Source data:
==========
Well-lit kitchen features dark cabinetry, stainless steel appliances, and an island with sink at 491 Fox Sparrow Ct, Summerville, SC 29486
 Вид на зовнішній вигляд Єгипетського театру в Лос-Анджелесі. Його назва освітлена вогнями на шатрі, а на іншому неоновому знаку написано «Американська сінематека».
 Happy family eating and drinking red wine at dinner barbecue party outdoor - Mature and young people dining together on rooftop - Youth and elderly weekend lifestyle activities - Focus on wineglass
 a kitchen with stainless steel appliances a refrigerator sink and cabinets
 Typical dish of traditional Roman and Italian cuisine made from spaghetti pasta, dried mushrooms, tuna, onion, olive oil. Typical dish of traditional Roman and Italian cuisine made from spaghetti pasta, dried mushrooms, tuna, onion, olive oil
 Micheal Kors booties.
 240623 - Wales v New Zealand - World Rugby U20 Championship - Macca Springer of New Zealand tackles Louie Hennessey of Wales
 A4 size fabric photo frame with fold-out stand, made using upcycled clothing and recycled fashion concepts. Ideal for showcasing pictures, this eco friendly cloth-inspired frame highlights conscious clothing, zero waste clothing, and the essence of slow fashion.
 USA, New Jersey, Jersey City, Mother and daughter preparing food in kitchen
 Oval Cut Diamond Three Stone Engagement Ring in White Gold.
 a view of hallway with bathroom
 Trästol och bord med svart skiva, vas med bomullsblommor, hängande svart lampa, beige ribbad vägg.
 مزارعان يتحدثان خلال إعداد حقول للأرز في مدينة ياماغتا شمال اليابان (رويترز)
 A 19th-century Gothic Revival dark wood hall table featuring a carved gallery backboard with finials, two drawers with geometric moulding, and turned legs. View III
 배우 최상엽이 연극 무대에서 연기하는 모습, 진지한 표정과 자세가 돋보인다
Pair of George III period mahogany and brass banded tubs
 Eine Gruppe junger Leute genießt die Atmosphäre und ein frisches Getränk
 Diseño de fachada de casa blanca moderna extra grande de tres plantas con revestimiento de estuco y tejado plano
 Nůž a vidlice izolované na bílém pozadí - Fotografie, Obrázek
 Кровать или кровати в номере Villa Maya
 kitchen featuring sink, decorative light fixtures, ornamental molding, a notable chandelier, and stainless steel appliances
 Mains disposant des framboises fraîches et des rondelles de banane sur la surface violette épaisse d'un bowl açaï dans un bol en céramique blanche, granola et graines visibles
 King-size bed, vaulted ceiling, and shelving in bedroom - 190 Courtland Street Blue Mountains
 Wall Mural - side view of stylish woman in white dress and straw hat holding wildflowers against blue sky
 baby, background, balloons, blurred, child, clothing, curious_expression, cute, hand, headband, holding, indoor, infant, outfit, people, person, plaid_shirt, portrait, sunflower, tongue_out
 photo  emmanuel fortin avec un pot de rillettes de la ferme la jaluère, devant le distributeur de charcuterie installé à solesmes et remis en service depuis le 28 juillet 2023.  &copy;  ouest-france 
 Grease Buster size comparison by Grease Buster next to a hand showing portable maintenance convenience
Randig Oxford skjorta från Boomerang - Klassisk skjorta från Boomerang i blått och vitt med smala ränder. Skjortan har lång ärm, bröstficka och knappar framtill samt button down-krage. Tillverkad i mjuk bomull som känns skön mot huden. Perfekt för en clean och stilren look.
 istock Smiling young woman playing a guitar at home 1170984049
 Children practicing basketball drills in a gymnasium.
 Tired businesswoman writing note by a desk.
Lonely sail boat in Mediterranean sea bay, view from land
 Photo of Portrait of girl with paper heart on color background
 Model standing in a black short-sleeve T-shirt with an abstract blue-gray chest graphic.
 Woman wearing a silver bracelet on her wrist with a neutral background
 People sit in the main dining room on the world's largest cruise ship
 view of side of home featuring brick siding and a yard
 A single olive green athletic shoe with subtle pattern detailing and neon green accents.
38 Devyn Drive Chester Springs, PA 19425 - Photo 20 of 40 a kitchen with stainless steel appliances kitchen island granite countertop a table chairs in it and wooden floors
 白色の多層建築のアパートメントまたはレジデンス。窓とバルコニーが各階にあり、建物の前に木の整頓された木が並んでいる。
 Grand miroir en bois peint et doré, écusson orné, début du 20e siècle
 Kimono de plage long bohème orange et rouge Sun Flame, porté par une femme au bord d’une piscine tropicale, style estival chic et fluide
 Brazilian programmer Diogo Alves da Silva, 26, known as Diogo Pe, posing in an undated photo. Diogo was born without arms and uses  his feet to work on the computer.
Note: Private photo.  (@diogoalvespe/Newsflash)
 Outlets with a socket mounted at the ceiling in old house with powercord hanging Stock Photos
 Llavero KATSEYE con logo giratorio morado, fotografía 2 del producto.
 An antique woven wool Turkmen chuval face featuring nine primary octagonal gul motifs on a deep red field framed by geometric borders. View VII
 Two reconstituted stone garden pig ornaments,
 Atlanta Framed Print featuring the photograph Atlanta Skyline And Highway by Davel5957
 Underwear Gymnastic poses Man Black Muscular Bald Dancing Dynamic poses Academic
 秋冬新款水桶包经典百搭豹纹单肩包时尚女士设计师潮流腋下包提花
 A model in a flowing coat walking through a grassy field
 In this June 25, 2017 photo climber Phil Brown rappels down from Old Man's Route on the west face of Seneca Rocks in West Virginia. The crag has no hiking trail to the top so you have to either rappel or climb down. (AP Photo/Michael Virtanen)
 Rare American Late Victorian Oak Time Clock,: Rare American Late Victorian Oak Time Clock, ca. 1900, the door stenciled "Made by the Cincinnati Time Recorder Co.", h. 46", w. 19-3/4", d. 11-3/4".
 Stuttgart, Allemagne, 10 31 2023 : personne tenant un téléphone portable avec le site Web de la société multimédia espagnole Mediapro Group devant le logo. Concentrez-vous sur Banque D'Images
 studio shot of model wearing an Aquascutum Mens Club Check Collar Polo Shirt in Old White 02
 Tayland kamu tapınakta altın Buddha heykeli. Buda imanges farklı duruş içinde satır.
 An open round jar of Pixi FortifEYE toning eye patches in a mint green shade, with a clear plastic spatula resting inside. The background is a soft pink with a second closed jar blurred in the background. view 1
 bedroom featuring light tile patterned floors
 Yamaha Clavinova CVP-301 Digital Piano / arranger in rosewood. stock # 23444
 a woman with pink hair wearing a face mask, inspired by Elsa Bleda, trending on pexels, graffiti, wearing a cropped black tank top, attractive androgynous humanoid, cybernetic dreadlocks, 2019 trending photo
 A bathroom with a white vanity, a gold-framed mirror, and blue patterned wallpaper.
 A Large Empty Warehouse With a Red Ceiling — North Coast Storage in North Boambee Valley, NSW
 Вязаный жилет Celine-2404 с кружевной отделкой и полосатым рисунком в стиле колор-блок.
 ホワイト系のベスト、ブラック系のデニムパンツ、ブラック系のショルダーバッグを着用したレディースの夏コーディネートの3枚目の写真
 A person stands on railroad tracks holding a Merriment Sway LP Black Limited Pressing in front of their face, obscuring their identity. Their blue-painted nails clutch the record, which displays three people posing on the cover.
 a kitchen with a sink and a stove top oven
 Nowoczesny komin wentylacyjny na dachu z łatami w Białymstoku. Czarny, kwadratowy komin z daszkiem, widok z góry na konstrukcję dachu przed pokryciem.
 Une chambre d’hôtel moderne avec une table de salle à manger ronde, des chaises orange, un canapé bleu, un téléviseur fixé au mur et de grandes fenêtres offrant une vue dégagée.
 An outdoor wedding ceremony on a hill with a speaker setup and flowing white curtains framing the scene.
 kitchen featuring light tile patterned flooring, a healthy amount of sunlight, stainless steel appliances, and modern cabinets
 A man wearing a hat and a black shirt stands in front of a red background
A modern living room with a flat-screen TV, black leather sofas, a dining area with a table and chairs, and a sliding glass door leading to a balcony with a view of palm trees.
==========
What is needed
Transcribe each record shown above, exactly.

Answer for the task
Well-lit kitchen features dark cabinetry, stainless steel appliances, and an island with sink at 491 Fox Sparrow Ct, Summerville, SC 29486
 Вид на зовнішній вигляд Єгипетського театру в Лос-Анджелесі. Його назва освітлена вогнями на шатрі, а на іншому неоновому знаку написано «Американська сінематека».
 Happy family eating and drinking red wine at dinner barbecue party outdoor - Mature and young people dining together on rooftop - Youth and elderly weekend lifestyle activities - Focus on wineglass
 a kitchen with stainless steel appliances a refrigerator sink and cabinets
 Typical dish of traditional Roman and Italian cuisine made from spaghetti pasta, dried mushrooms, tuna, onion, olive oil. Typical dish of traditional Roman and Italian cuisine made from spaghetti pasta, dried mushrooms, tuna, onion, olive oil
 Micheal Kors booties.
 240623 - Wales v New Zealand - World Rugby U20 Championship - Macca Springer of New Zealand tackles Louie Hennessey of Wales
 A4 size fabric photo frame with fold-out stand, made using upcycled clothing and recycled fashion concepts. Ideal for showcasing pictures, this eco friendly cloth-inspired frame highlights conscious clothing, zero waste clothing, and the essence of slow fashion.
 USA, New Jersey, Jersey City, Mother and daughter preparing food in kitchen
 Oval Cut Diamond Three Stone Engagement Ring in White Gold.
 a view of hallway with bathroom
 Trästol och bord med svart skiva, vas med bomullsblommor, hängande svart lampa, beige ribbad vägg.
 مزارعان يتحدثان خلال إعداد حقول للأرز في مدينة ياماغتا شمال اليابان (رويترز)
 A 19th-century Gothic Revival dark wood hall table featuring a carved gallery backboard with finials, two drawers with geometric moulding, and turned legs. View III
 배우 최상엽이 연극 무대에서 연기하는 모습, 진지한 표정과 자세가 돋보인다
Pair of George III period mahogany and brass banded tubs
 Eine Gruppe junger Leute genießt die Atmosphäre und ein frisches Getränk
 Diseño de fachada de casa blanca moderna extra grande de tres plantas con revestimiento de estuco y tejado plano
 Nůž a vidlice izolované na bílém pozadí - Fotografie, Obrázek
 Кровать или кровати в номере Villa Maya
 kitchen featuring sink, decorative light fixtures, ornamental molding, a notable chandelier, and stainless steel appliances
 Mains disposant des framboises fraîches et des rondelles de banane sur la surface violette épaisse d'un bowl açaï dans un bol en céramique blanche, granola et graines visibles
 King-size bed, vaulted ceiling, and shelving in bedroom - 190 Courtland Street Blue Mountains
 Wall Mural - side view of stylish woman in white dress and straw hat holding wildflowers against blue sky
 baby, background, balloons, blurred, child, clothing, curious_expression, cute, hand, headband, holding, indoor, infant, outfit, people, person, plaid_shirt, portrait, sunflower, tongue_out
 photo  emmanuel fortin avec un pot de rillettes de la ferme la jaluère, devant le distributeur de charcuterie installé à solesmes et remis en service depuis le 28 juillet 2023.  &copy;  ouest-france 
 Grease Buster size comparison by Grease Buster next to a hand showing portable maintenance convenience
Randig Oxford skjorta från Boomerang - Klassisk skjorta från Boomerang i blått och vitt med smala ränder. Skjortan har lång ärm, bröstficka och knappar framtill samt button down-krage. Tillverkad i mjuk bomull som känns skön mot huden. Perfekt för en clean och stilren look.
 istock Smiling young woman playing a guitar at home 1170984049
 Children practicing basketball drills in a gymnasium.
 Tired businesswoman writing note by a desk.
Lonely sail boat in Mediterranean sea bay, view from land
 Photo of Portrait of girl with paper heart on color background
 Model standing in a black short-sleeve T-shirt with an abstract blue-gray chest graphic.
 Woman wearing a silver bracelet on her wrist with a neutral background
 People sit in the main dining room on the world's largest cruise ship
 view of side of home featuring brick siding and a yard
 A single olive green athletic shoe with subtle pattern detailing and neon green accents.
38 Devyn Drive Chester Springs, PA 19425 - Photo 20 of 40 a kitchen with stainless steel appliances kitchen island granite countertop a table chairs in it and wooden floors
 白色の多層建築のアパートメントまたはレジデンス。窓とバルコニーが各階にあり、建物の前に木の整頓された木が並んでいる。
 Grand miroir en bois peint et doré, écusson orné, début du 20e siècle
 Kimono de plage long bohème orange et rouge Sun Flame, porté par une femme au bord d’une piscine tropicale, style estival chic et fluide
 Brazilian programmer Diogo Alves da Silva, 26, known as Diogo Pe, posing in an undated photo. Diogo was born without arms and uses  his feet to work on the computer.
Note: Private photo.  (@diogoalvespe/Newsflash)
 Outlets with a socket mounted at the ceiling in old house with powercord hanging Stock Photos
 Llavero KATSEYE con logo giratorio morado, fotografía 2 del producto.
 An antique woven wool Turkmen chuval face featuring nine primary octagonal gul motifs on a deep red field framed by geometric borders. View VII
 Two reconstituted stone garden pig ornaments,
 Atlanta Framed Print featuring the photograph Atlanta Skyline And Highway by Davel5957
 Underwear Gymnastic poses Man Black Muscular Bald Dancing Dynamic poses Academic
 秋冬新款水桶包经典百搭豹纹单肩包时尚女士设计师潮流腋下包提花
 A model in a flowing coat walking through a grassy field
 In this June 25, 2017 photo climber Phil Brown rappels down from Old Man's Route on the west face of Seneca Rocks in West Virginia. The crag has no hiking trail to the top so you have to either rappel or climb down. (AP Photo/Michael Virtanen)
 Rare American Late Victorian Oak Time Clock,: Rare American Late Victorian Oak Time Clock, ca. 1900, the door stenciled "Made by the Cincinnati Time Recorder Co.", h. 46", w. 19-3/4", d. 11-3/4".
 Stuttgart, Allemagne, 10 31 2023 : personne tenant un téléphone portable avec le site Web de la société multimédia espagnole Mediapro Group devant le logo. Concentrez-vous sur Banque D'Images
 studio shot of model wearing an Aquascutum Mens Club Check Collar Polo Shirt in Old White 02
 Tayland kamu tapınakta altın Buddha heykeli. Buda imanges farklı duruş içinde satır.
 An open round jar of Pixi FortifEYE toning eye patches in a mint green shade, with a clear plastic spatula resting inside. The background is a soft pink with a second closed jar blurred in the background. view 1
 bedroom featuring light tile patterned floors
 Yamaha Clavinova CVP-301 Digital Piano / arranger in rosewood. stock # 23444
 a woman with pink hair wearing a face mask, inspired by Elsa Bleda, trending on pexels, graffiti, wearing a cropped black tank top, attractive androgynous humanoid, cybernetic dreadlocks, 2019 trending photo
 A bathroom with a white vanity, a gold-framed mirror, and blue patterned wallpaper.
 A Large Empty Warehouse With a Red Ceiling — North Coast Storage in North Boambee Valley, NSW
 Вязаный жилет Celine-2404 с кружевной отделкой и полосатым рисунком в стиле колор-блок.
 ホワイト系のベスト、ブラック系のデニムパンツ、ブラック系のショルダーバッグを着用したレディースの夏コーディネートの3枚目の写真
 A person stands on railroad tracks holding a Merriment Sway LP Black Limited Pressing in front of their face, obscuring their identity. Their blue-painted nails clutch the record, which displays three people posing on the cover.
 a kitchen with a sink and a stove top oven
 Nowoczesny komin wentylacyjny na dachu z łatami w Białymstoku. Czarny, kwadratowy komin z daszkiem, widok z góry na konstrukcję dachu przed pokryciem.
 Une chambre d’hôtel moderne avec une table de salle à manger ronde, des chaises orange, un canapé bleu, un téléviseur fixé au mur et de grandes fenêtres offrant une vue dégagée.
 An outdoor wedding ceremony on a hill with a speaker setup and flowing white curtains framing the scene.
 kitchen featuring light tile patterned flooring, a healthy amount of sunlight, stainless steel appliances, and modern cabinets
 A man wearing a hat and a black shirt stands in front of a red background
A modern living room with a flat-screen TV, black leather sofas, a dining area with a table and chairs, and a sliding glass door leading to a balcony with a view of palm trees.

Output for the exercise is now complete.